#### EXTRACTED DATA:
★ ★ ★ ★
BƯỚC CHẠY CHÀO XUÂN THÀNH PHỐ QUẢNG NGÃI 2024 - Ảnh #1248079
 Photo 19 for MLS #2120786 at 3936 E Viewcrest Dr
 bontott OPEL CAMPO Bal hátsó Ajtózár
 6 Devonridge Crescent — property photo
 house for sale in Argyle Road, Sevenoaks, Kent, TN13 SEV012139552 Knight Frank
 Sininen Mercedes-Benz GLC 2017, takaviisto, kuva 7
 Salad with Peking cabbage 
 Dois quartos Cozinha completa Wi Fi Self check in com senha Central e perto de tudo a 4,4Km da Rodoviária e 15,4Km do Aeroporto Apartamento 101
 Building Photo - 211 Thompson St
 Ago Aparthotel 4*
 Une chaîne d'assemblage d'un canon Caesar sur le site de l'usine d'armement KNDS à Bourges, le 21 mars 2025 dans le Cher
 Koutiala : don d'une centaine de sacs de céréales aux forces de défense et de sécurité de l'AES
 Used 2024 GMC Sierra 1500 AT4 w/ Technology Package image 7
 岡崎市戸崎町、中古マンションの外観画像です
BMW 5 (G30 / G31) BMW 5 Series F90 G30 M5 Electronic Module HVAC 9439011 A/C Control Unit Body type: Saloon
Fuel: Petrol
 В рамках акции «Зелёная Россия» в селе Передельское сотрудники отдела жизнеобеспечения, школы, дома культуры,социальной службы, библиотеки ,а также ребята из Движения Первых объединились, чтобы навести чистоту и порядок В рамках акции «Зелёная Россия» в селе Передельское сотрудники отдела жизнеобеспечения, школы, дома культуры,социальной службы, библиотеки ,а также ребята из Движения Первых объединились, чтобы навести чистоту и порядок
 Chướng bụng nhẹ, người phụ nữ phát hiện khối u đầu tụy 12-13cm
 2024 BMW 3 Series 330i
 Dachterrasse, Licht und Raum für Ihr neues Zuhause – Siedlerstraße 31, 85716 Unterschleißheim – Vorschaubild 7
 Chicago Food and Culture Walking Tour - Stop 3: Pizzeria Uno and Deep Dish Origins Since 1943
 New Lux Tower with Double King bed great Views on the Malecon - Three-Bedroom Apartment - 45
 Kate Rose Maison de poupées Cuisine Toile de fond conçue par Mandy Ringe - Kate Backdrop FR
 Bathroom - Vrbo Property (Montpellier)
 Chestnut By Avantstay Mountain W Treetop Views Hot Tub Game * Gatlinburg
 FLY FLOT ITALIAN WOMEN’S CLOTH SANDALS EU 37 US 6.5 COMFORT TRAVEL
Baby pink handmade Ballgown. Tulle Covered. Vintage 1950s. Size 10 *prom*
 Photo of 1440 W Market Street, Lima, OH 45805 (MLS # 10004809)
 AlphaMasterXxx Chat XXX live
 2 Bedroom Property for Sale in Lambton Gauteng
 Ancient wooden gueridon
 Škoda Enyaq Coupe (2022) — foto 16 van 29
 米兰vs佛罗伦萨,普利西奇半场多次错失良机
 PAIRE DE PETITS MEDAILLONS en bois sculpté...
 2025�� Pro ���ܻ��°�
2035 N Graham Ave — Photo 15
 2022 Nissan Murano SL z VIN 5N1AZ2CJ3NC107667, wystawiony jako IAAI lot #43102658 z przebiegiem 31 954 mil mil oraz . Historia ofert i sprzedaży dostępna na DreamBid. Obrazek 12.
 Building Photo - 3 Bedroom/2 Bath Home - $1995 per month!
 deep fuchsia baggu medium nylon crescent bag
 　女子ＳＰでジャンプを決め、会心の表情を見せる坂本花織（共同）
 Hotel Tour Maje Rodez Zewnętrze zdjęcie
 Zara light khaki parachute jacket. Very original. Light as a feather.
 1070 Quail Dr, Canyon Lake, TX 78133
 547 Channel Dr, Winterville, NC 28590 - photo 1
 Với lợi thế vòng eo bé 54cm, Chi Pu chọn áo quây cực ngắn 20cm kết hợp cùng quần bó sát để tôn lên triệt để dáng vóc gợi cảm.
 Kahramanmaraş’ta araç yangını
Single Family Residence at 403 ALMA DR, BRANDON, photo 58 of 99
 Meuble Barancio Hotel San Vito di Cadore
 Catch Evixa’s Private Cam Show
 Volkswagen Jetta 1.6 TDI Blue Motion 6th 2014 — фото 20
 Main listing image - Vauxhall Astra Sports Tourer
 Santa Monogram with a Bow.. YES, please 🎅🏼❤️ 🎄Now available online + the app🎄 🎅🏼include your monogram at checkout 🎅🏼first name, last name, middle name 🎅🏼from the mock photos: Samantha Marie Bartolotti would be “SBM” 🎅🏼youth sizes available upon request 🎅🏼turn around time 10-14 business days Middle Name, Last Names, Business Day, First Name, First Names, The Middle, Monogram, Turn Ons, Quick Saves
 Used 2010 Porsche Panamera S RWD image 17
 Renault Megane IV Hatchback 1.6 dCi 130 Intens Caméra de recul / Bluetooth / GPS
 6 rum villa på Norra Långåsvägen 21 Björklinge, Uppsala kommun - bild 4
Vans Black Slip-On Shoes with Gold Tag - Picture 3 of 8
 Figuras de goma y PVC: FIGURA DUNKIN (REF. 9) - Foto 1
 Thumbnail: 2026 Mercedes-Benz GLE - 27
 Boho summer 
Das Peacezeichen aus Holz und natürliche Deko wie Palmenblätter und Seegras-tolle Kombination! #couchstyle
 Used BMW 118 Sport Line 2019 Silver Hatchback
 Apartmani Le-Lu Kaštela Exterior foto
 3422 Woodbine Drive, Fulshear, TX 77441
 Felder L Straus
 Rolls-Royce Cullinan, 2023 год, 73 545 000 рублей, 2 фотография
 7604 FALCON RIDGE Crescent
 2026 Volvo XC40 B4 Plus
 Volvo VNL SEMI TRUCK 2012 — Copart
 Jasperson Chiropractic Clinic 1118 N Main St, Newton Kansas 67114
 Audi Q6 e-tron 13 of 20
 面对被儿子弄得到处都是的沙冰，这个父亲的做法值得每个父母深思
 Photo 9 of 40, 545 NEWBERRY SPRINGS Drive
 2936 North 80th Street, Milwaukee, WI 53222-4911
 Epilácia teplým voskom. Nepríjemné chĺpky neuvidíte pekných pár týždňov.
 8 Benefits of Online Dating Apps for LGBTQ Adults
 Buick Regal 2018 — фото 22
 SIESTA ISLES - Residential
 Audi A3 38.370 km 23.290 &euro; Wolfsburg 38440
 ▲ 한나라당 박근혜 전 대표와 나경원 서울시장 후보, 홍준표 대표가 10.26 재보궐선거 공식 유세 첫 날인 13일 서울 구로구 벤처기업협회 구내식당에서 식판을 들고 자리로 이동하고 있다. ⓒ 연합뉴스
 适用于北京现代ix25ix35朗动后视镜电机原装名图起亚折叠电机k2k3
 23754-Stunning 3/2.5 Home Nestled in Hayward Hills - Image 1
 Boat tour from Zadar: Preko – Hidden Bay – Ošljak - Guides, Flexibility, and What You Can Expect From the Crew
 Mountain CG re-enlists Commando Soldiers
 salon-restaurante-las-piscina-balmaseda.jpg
★ ★ ★ ★
#### PROMPT:
Using the entries above, work out the number of lines containing the string "Volvo", and supply only that number.

#### OUTPUT FOR THIS TASK:
2